This brings us to the paradox: WAMI preserves our abstractions beautifully but runs on a virtual machine with inherent overhead. LLVM compiles our abstractions away but produces native code with optimal performance. Which path serves our goal of functional systems programming better?

The answer, surprisingly, might be “both.”

Building Pure Functional Hardware Drivers

The real test of our approach comes when we need to touch hardware. How do we maintain functional purity while reading from an I2C sensor or writing to SPI? The answer lies in treating hardware access as algebraic effects, with delimited continuations as the implementation mechanism.

Capabilities as Effects

In our PSG, hardware capabilities become effect types:

// Pure functional protocol description
type I2CEffect<'a> =
    | Start of addr: int7 * next: I2CEffect<'a>
    | Write of data: byte * next: I2CEffect<'a>
    | Read of count: int * cont: (byte[] -> I2CEffect<'a>)
    | Stop of result: 'a

// This remains pure through compilation
let readTemperatureSensor = 
    Start(0x44, 
        Write(0xE0uy,  // Command: read temperature
            Read(2, fun data ->
                let temp = (int data.[0] <<< 8) ||| int data.[1]
                Stop(float temp / 100.0))))

This protocol description is purely functional. It describes what to do without doing it.
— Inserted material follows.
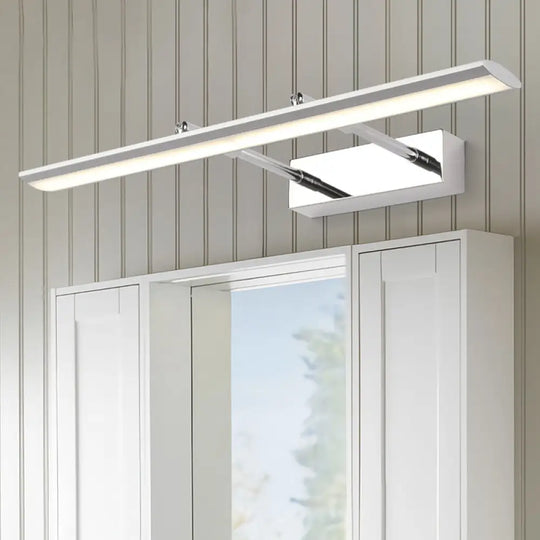 Stainless Steel Led Wall Light With Adjustable Joint - Modern Bar Vanity Sconce For Bath Silver /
The delimited continuation machinery lets us suspend at each effect point.

The System Boundary

The key architectural insight is that drivers become effect interpreters at the system boundary, using standard MLIR patterns:

%%{init: {'theme': 'neutral' }}}%% flowchart TD subgraph "Pure Functional Domain" PURE[Pure I2C Protocol
Algebraic Effects] CONT[DCont Operations
Standard MLIR] end subgraph "Effect Interpretation Layer" PURE --> INT{Effect Interpreter} CONT --> INT INT --> SHIFT[DCont Shift
Capture State] end subgraph "System Boundary" SHIFT --> HOST{Host Function
or LLVM Call} end subgraph "Hardware Reality" HOST --> I2C[I2C Hardware
Physical Bus] I2C --> RESULT[Result Data] end subgraph "Resume Path" RESULT --> RESUME[DCont Resume
With Result] RESUME --> CONT2[Continue Pure
Computation] end style PURE fill:#F3B6B6 style INT fill:#f29972 style HOST fill:#FABABA style I2C fill:#fb8500
// Single interpretation point - the only place purity meets reality
let interpretI2C protocol =
    shift (fun k ->
        match protocol with
        | Start(addr, next) ->
            // Only here do we touch hardware
            HardwareEffect(I2CStart addr, fun () ->
                k (interpretI2C next))
        | Write(data, next) ->
            HardwareEffect(I2CWrite data, fun () ->
                k (interpretI2C next))
        | Read(count, cont) ->
            HardwareEffect(I2CRead count, fun bytes ->
                k (interpretI2C (cont bytes)))
        | Stop result ->
            k result)

With WAMI, these effects map beautifully to host functions:

// The effect suspends the continuation
HardwareEffect(I2CRead count, continuation)
    
// WAMI preserves this as
ssawasm.suspend $i2c_read
    
// Host performs I/O and resumes with result
ssawasm.resume %continuation (result)

The continuation structure is preserved throughout! The host environment handles the actual hardware interaction, but the functional structure remains intact.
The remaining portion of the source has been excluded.